Global oil markets eased modestly Tuesday, following the biggest single-day surge in more than three decades, but prices could continue to climb in the coming weeks as investors assess the impact of weekend drone attacks on Saudi oilfields and look to U.S. shale production to fill the expected gap in world crude supplies.
With investors still waiting for a formal assessment from Saudi Arabia as to when it will return its two main oilfields to full capacity following Saturday's attacks, market attention is now turning towards the ongoing boom in U.S. shale production, which the Energy Department expects to reach 8.8 million barrels per day next month. Saudi Arabia's new Energy Minister, Prince Abdulaziz bin Salman, is expected to update the media on the scale of the outages later today.
Around half of that total -- a record high 4.485 million barrels -- is expected to come from the shale-rich Permian Basin that laps between Texas and New Mexico, with increases also forecast for the Bakken region shared by North Dakota and Montana and the Eagle Ford field in north Texas.

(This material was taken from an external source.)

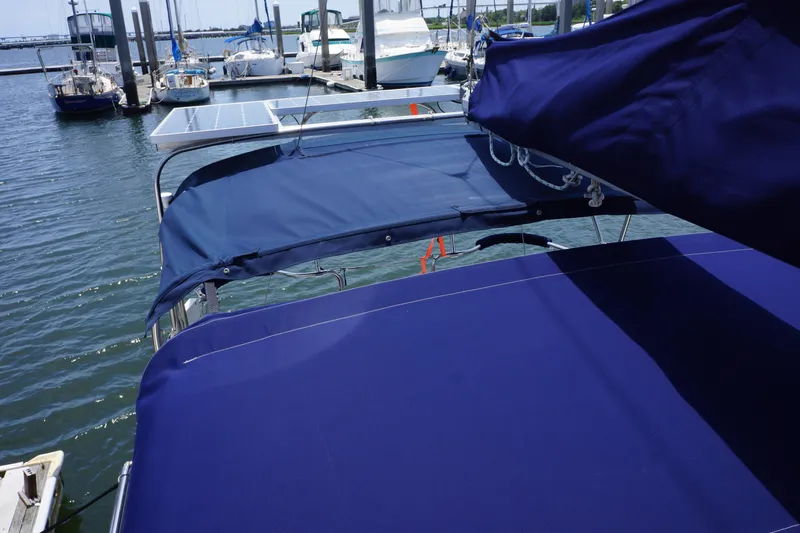 Slide: The Image of Sailboat with blue canvas cover docked at marina, Hunter 35.5, 1993 model. - 10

Overall U.S. oil production, which is forecast to reach 13 million barrels per day next year, is expected to be crucial in offsetting the market impact of Saturday's drone attacks on the Abqaiq and Khurais facilities in Saudi Arabia, which have knocked out more than half of the Kingdom's production capacity of 5.7 million barrels per day, a figure that represents around 5% of global supply.
"Saudi Arabia said that it will use existing inventories to fill the supply gap; however, inventories have already been depleted this year due to output cuts and the supply gap could be overwhelming if the current output disruptions are prolonged," said ING's Warren Patterson.
Brent crude contracts for November delivery, which soared 14.6% yesterday -- the most in more than three decades -- fell $1.08 lower to $ $67.94 per barrel in early European trading, but were still marked at a four-month high.
WTI contracts for October, which are more tightly linked with U.S. gasoline prices, pared some of yesterday's 14.7% advance, the most since December 2008, and were marked 94 cents lower at $61.96 per barrel.
OPEC production cuts, which have taking more than 1.2 million barrels per day from the market since late 2017, and are expected to continue into the first quarter of next year, have not only depleted Saudi Arabia's overall stockpiles but also reduced the so-called supply cushion in global crude markets, making them increasingly vulnerable to disruption-lead price surges.
U.S. sanctions on the sale of crude from Iran, whose exports have fallen more by more than 2 million barrels per day since April, as well as similar restrictions on exports from Venezuela, have kept global markets tight for much of the first half of the year.